PLEASE NOTE. THESE ARE ALL NUMBERED #1 ON PURPOSE!

1. MEN ARE NOT MIND READERS.

1. LEARN TO WORK THE TOILET SEAT. YOU'RE A BIG GIRL. IF IT'S UP, PUT IT DOWN. WE NEED IT UP, YOU NEED IT DOWN. YOU DON'T HEAR US COMPLAINING ABOUT YOU LEAVING IT DOWN.

1. CRYING IS BLACKMAIL.

1. ASK FOR WHAT YOU WANT. LET US BE CLEAR ON THIS ONE:

SUBTLE HINTS DO NOT WORK!

STRONG HINTS DO NOT WORK!

OBVIOUS HINTS DO NOT WORK!

JUST SAY IT!

1. YES AND NO ARE PERFECTLY ACCEPTABLE ANSWERS TO ALMOST EVERY QUESTION.

1.. COME TO US WITH A PROBLEM ONLY IF YOU WANT HELP SOLVING IT. THAT'S WHAT WE DO. SYMPATHY IS WHAT YOUR GIRLFRIENDS ARE FOR.

1. ANYTHING WE SAID 6 MONTHS AGO IS INADMISSIBLE IN AN ARGUMENT. IN FACT, ALL COMMENTS BECOME NULL AND VOID AFTER 7 DAYS.

1. IF YOU THINK YOU'RE FAT, YOU PROBABLY ARE. DON'T ASK US.

1. IF SOMETHING WE SAID CAN BE INTERPRETED TWO WAYS AND ONE OF THE WAYS MAKES YOU SAD OR ANGRY, WE MEANT THE OTHER ONE.

1. YOU CAN EITHER ASK US TO DO SOMETHING OR TELL US HOW YOU WANT IT DONE. NOT BOTH.

IF YOU ALREADY KNOW BEST HOW TO DO IT, JUST DO IT YOURSELF.

1. WHENEVER POSSIBLE, PLEASE SAY WHATEVER YOU HAVE TO SAY DURING COMMERCIALS.

1. CHRISTOPHER COLUMBUS DID NOT NEED DIRECTIONS AND NEITHER DO WE...

1. ALL MEN SEE IN ONLY 16 COLORS, LIKE WINDOWS DEFAULT SETTINGS..

PEACH, FOR EXAMPLE, IS A FRUIT, NOT A COLOR. PUMPKIN IS ALSO A FRUIT. WE HAVE NO IDEA WHAT MAUVE IS.

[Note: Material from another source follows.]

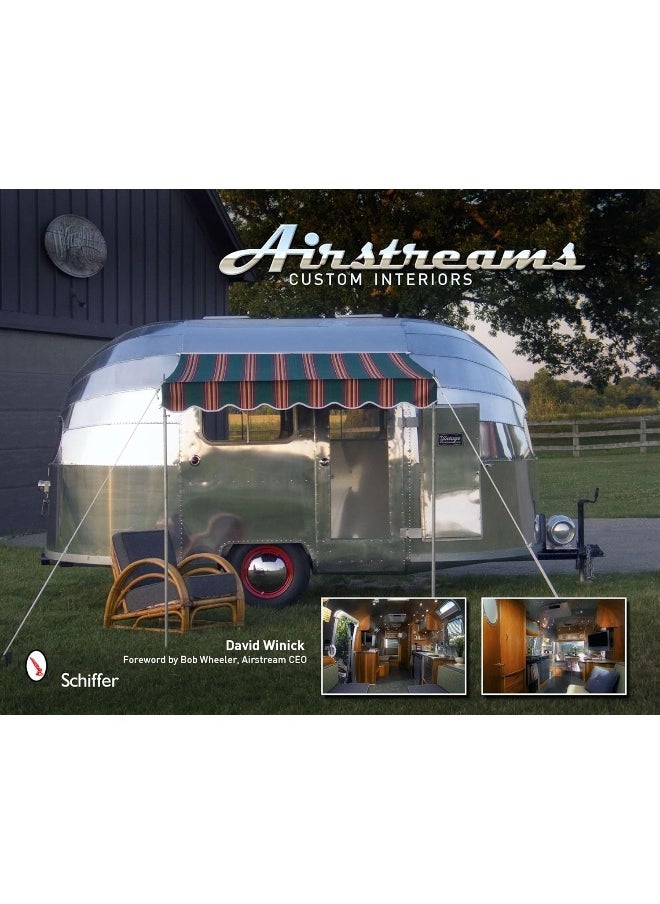 Schiffer Publishing Airstreams: Custom Interiors 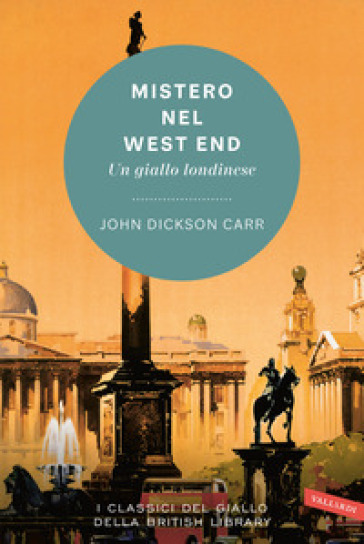 Mistero nel West End. Un giallo londinese - John Dickson Carr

1. IF WE ASK WHAT IS WRONG AND YOU SAY 'NOTHING,' WE WILL ACT LIKE NOTHING'S WRONG. WE KNOW YOU ARE LYING, BUT IT IS JUST NOT WORTH THE HASSLE.

1. IF YOU ASK A QUESTION YOU DON'T WANT AN ANSWER TO, EXPECT AN ANSWER YOU DON'T WANT TO HEAR..

1. WHEN WE HAVE TO GO SOMEWHERE, ABSOLUTELY ANYTHING YOU WEAR IS FINE...REALLY.

1.. DON'T ASK US WHAT WE'RE THINKING ABOUT UNLESS YOU ARE PREPARED TO DISCUSS SUCH TOPICS AS FOOTBALL OR MOTOR SPORTS.

1. YOU HAVE ENOUGH CLOTHES.

1 .. YOU HAVE TOO MANY SHOES.

1. I AM IN SHAPE. ROUND IS A SHAPE!

1.. THANK YOU FOR READING THIS. YES, I KNOW, I HAVE TO SLEEP ON THE COUCH TONIGHT.. BUT DID YOU KNOW MEN REALLY DON'T MIND THAT? IT'S LIKE CAMPING.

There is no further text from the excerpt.